The war of words between the papers and the police continues as the Star looks to ally with its ever-swelling readership. "Police did nothing. They lost the bloodhounds at the moment when they wanted them. They neglected to draw a cordon and search. The Detective Department, deprived of its head and in the hands of a clumsy, ignorant martinet, was helpless and disorganised. Police had orders to refuse the newspapers information. Warren's spite is only equalled by his own incapacity as a detective."

The paper today provides handy hints on how to decide whether to determine if your friend is the killer. For men only, obviously. "Every man ask himself: Has he, among his acquaintance, any man whose movements have been suspicious, and not accounted for? Has he a man in his acquaintance whose history or habits have made him a likely enemy of the class of prostitutes?" Every man should ask himself "Does he know a man who has had attacks of mania of a homicidal kind, or been under confinement? Who knows Whitechapel? Who has a certain amount of anatomical knowledge, in a doctor's practice, or a slaughter-yard?" The Star concludes: "This seventh murder ought to rid us of Mr. MATTHEWS, and also of Sir CHARLES WARREN."

An account of Thursday night: "Women of the unfortunate class paraded the several highways with an unconcernedness. The drafts of auxiliary detectives performed their duties in regulation manner, and nothing existed to denote the crime. Everyone seems to be perfectly certain that the police possess no clue, and will discover no clue to the murderer. The row of policemen who during the greater part of yesterday blocked Dorset-street had been withdrawn last night. The entrance to the court - known as Miller's-court or McCarthy's-court - was vigilantly kept by two constables. One woman stated at two o'clock she heard a cry of "Murder." This story became popular, until half a dozen were retailing it." One witness said of the victim, "I have known her since July - since I came here. She was tall & pretty, & as fair as a lily. She saw the dead and mutilated body through the window of Kelly's room, which it is to be remembered was on the ground floor." She says, "I could not bear to look at it only for a second, but I can NEVER FORGET THE SIGHT of it if I live to be a hundred." A Mrs. Kennedy said "on Wednesday evening on Bethnal-green-road when we were accosted by a very suspicious man. He led the way into a very dark thoroughfare, at the back of the warehouse, & requested to follow him. He acted very strange. He refused to leave his bag and she escaped, at the same time raising an alarm of "Jack the Ripper."

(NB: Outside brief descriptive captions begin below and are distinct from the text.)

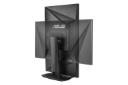 Asus VG278Q 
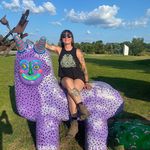 Laura Annis - @pickles1177 - Instagram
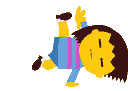 461535friskbreakdance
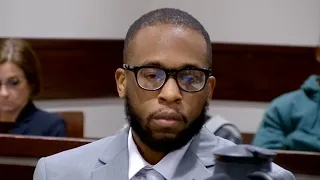 Trial for Tampa father who allegedly shot 2 kids continues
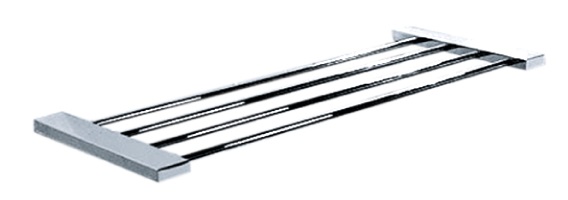 Thanh treo khăn bốn Inax KF-645VB chính hãng
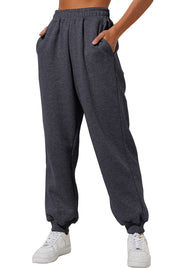 Sandra | Comfortabele Joggingbroek voor Dames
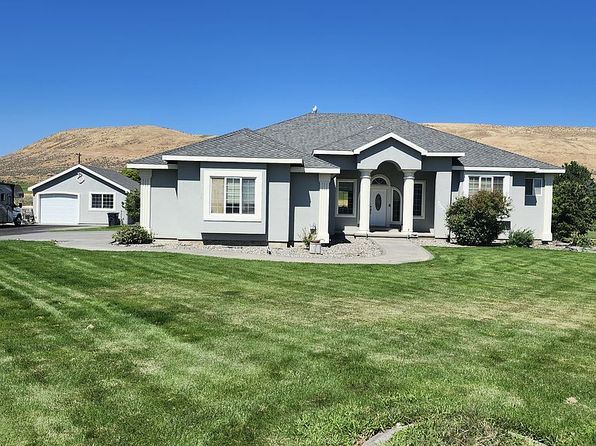 78604 E Canyon Meadow Dr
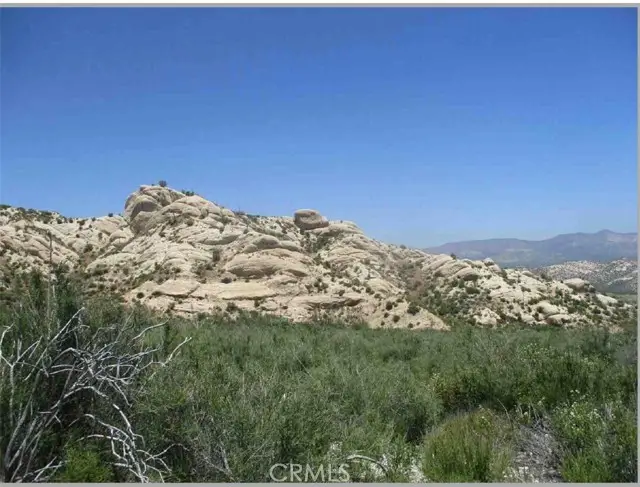 0 Farris, Phelan, CA 92371 - #3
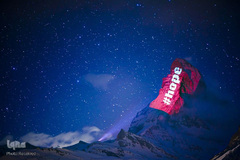 اجرای ویدئو مپینگ در کشورهای مختلف با موضوع کرونا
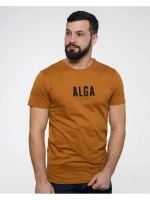 футболка Алга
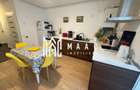 Apartament 3 camere I 83 mp utili | Tudor Vladimirescu - Selimbar - 5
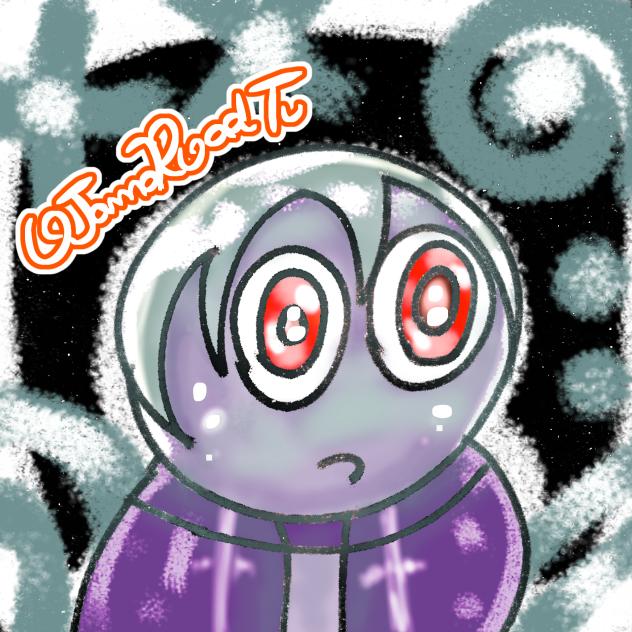 Void
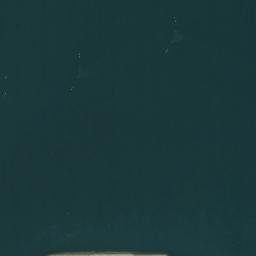 Satellite imagery of Halmae-bawi, KR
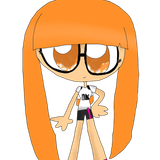 Inkling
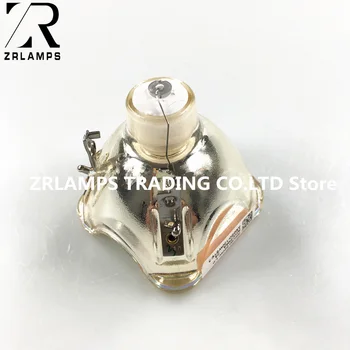 ZR Top Quality LMP-E190 100% Original Projector Lamp For VPL-ES5 VPL-EX5 VPL-EW5 VPL-EX50 
ZR Top Quality LMP-E190 100% Original Projector Lamp For VPL-ES5 VPL-EX5 VPL-EW5 VPL-EX50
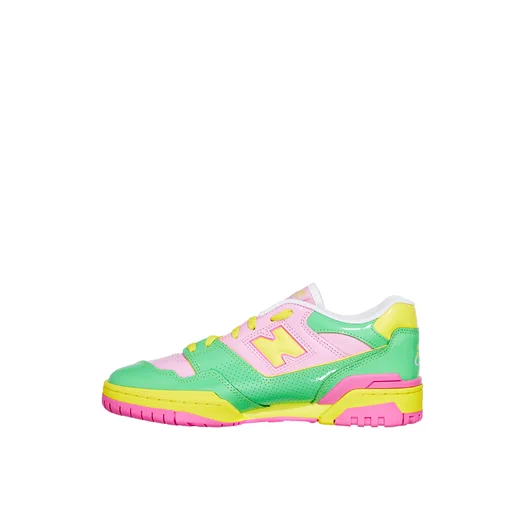 NEW BALANCE SNEAKER 550 YKA Hotsell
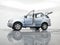 2007 Kia Sorento Base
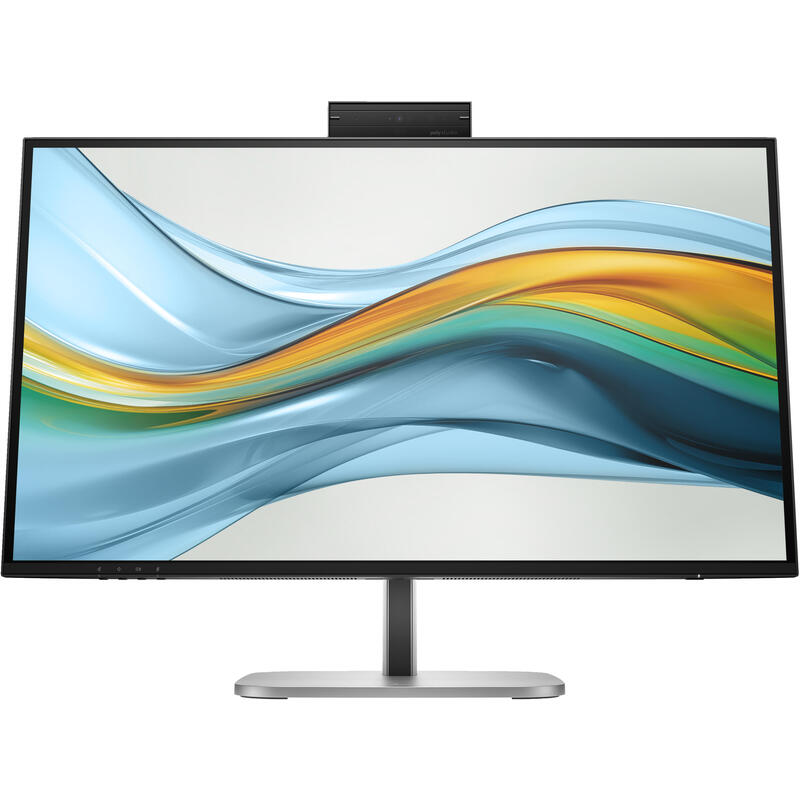 hp-series-5-pro-27-inch-qhd-usb-c-conferencing-monitor-527pm-pvc-free-pantalla-para-pc-686-cm-27-2560-x-1440-pixeles-quad-hd-lcd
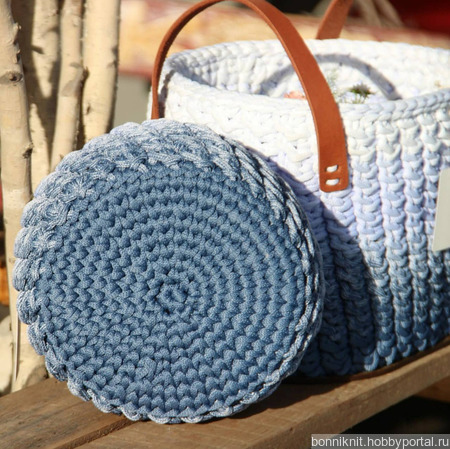 ����������� ������� ������ ������ �� �����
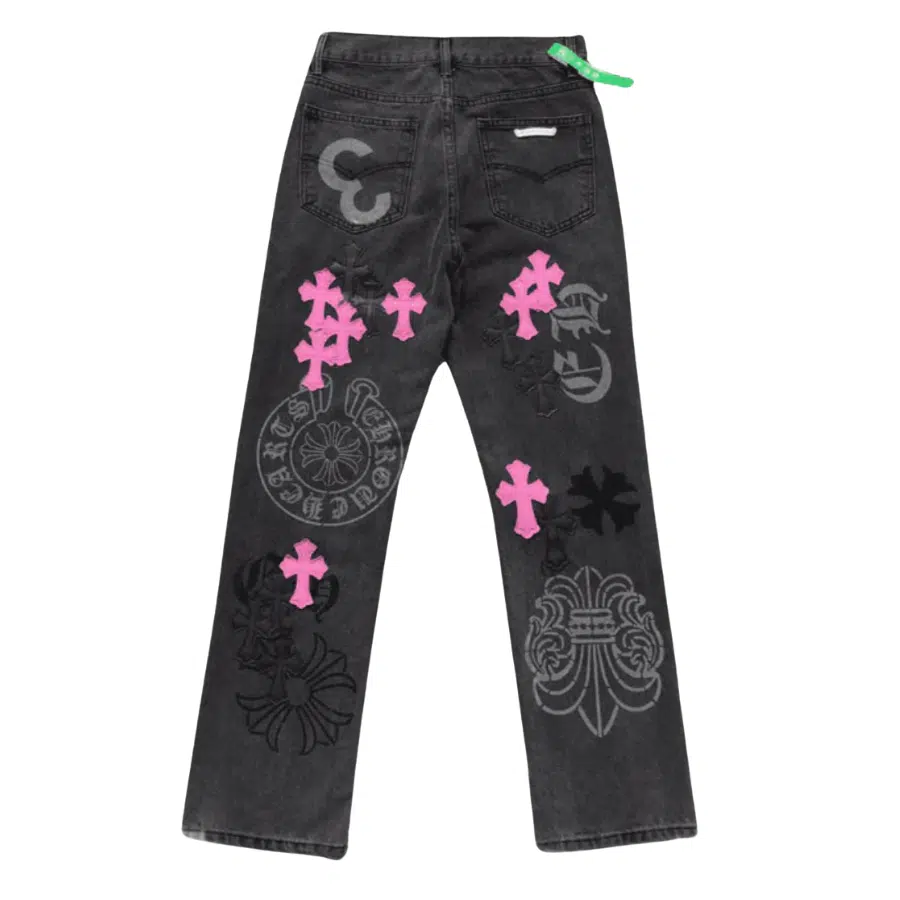 Jeans - Image 2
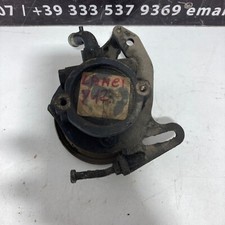 POMPA IDROGUIDA LANCIA YPSILON 1.2 ANNO 2004 COD: 46764513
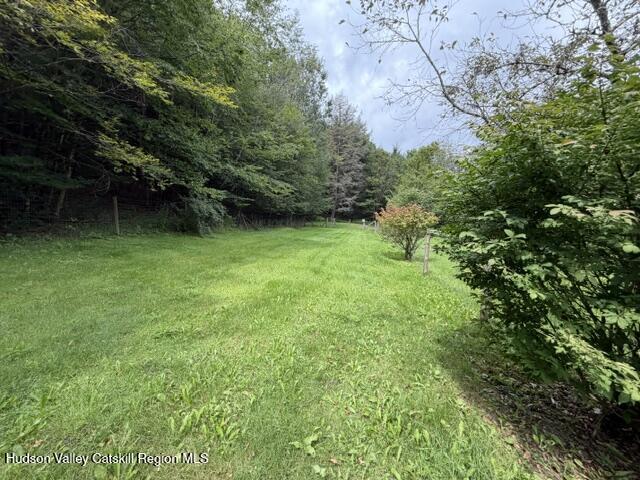 209 Townsend Hollow Road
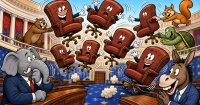 eight-senate-seats-ready-to-flip-in-2026-midterms.jpg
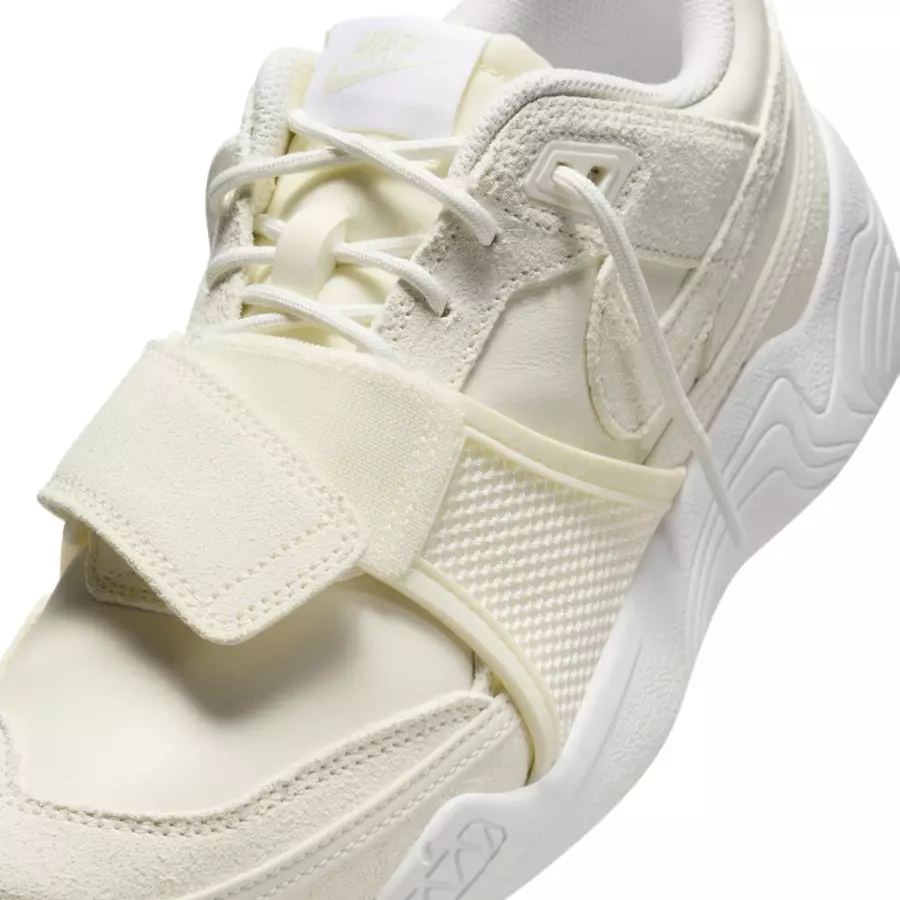 Travis-Scott-x-Nike-Sharkidon-Sail-HQ3061-100-6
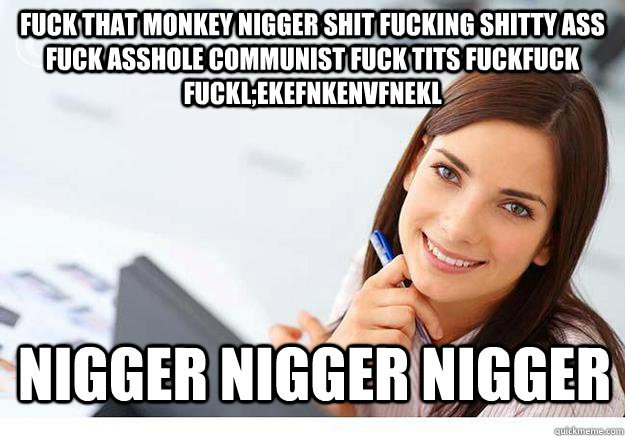 Hot girl fucks monkey full size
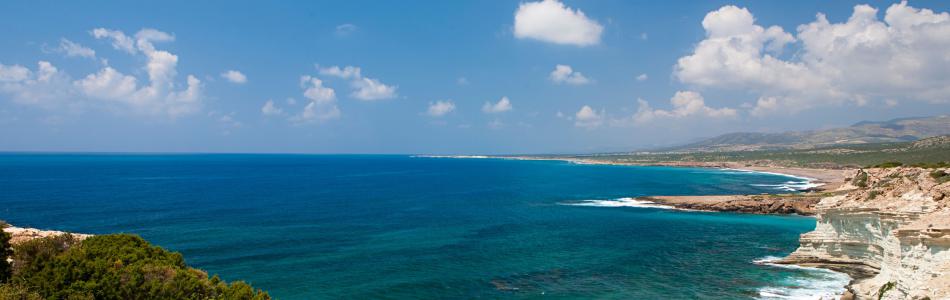 akamas-peninsula-cyprus-014.jpg
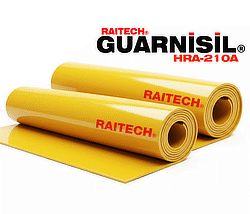 RAITECH - GUARNISIL 210A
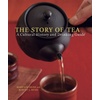 History Books, Reference & Subject Guides: Explore History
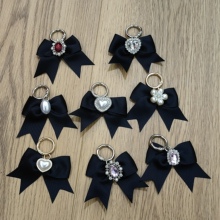 �羳�¿��ɫ�����Y�I�������_�ڏ���Ȧ��� DIYЬ�����b����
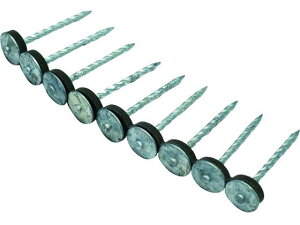 y񂹁z_Ch[ng KogpAPBXN[ 13×41 50A 00019060 B ˂ {g f Ɨpi H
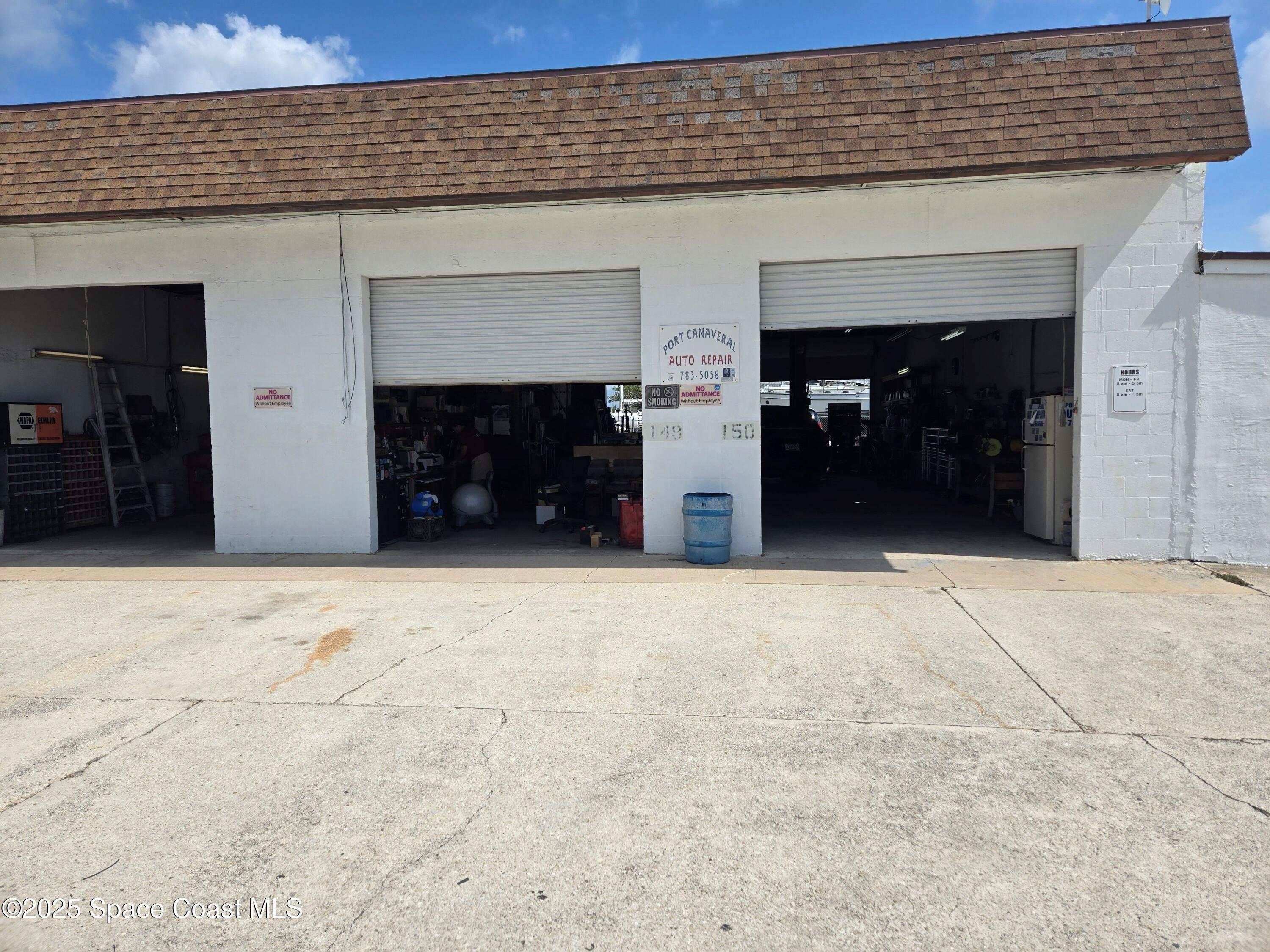 Property Image for 780 Mullet Road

The paper then gives yet another, unpleasantly detailed description of the victim, which we will skip this time. "The sight we saw," says McCarthy who opened the door to the murder scene, "I cannot drive away from my mind." It is hard not to sympathise with these people, as with the Hanbury Street victim which was found by a man in his back yard. The killer's attacks are not just on the people he kills, but on the entire community, as he strikes fear into everyone. The manner of what he does after the killings, and the locations he chooses, have the result of maximising the terror created.

"It looked more the work of a devil than of a man. It is more than I can describe. I hope I may never see such a sight again. I had heard a great deal about the Whitechapel murders, but I declare to God I had never expected to see such a sight. The bedclothes had been turned down, and this was probably done by the murderer after he had cut his victim's throat. A photographer, who, in the meantime, had been sent for, arrived and TOOK PHOTOGRAPHS OF THE BODY, the organs, the room, and its contents. There was no appearance of a struggle having taken place. After the examination of the body it was placed in a shell. The murders have been committed on the later days of the week, and in this connection a somewhat important fact ... The cattle boats bringing live freight to London are in the habit of coming into the Thames on Thursdays or Fridays. An opinion that the murderer is a drover or butcher on one of these boats, and he periodically disappears with the steamers."

A paper last Wednesday: "Sunday the new moon came in. If Jack the Ripper is a lunatic we ought to hear from him in a few days." And with that chilling prophecy, we will leave the cold streets of 1888 for another night, with a devilish killer amongst us.